Rechtskräftig: unbekannt!
Das Gericht bestätigt die Beschlüsse des Rates, mit denen die Gelder von Herrn El Morabit eingefroren wurden
Leitsatz des Gerichts:
Das Gericht bestätigt die Beschlüsse des Rates, mit denen die Gelder von Herrn El Morabit eingefroren wurden

Diese Beschlüsse verstoßen nicht gegen den Grundsatz der Unschuldsvermutung, und der Rat muss keine rechtskräftige Verurteilung abwarten, bevor er Gelder einfriert
Mohamed El Morabit, der die marokkanische Staatsangehörigkeit besitzt, wurde am 10. März 2006 von einem Gericht in Rotterdam (Niederlande) wegen seiner Beteiligung an einer terroristisch motivierten kriminellen Organisation (der so genannten Gruppe „Hofstad“) verurteilt. Er legte unverzüglich Rechtsmittel beim Gerechtshof te ‘s-Gravenhage (Berufungsgericht Den Haag) ein.
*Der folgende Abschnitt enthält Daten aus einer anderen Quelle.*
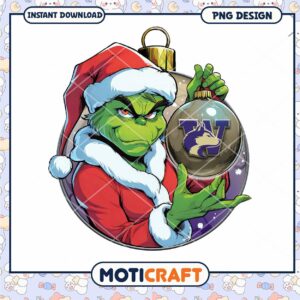 Grinch Holiday PNG with University Logo Design Download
Im Dezember 2006 nahm der Rat seinen Namen in die durch einen Gemeinsamen Standpunkt und eine Gemeinschaftsverordnung von der Gemeinschaft erstellte Liste der Personen und Körperschaften auf, deren Gelder einzufrieren sind. Die Gründe für seine Aufnahme in die Liste wurden ihm mit Schreiben vom 3. Januar 2007 mitgeteilt. Durch zwei Beschlüsse des Rates aus dem Jahr 2007 wurde er auf der Liste belassen.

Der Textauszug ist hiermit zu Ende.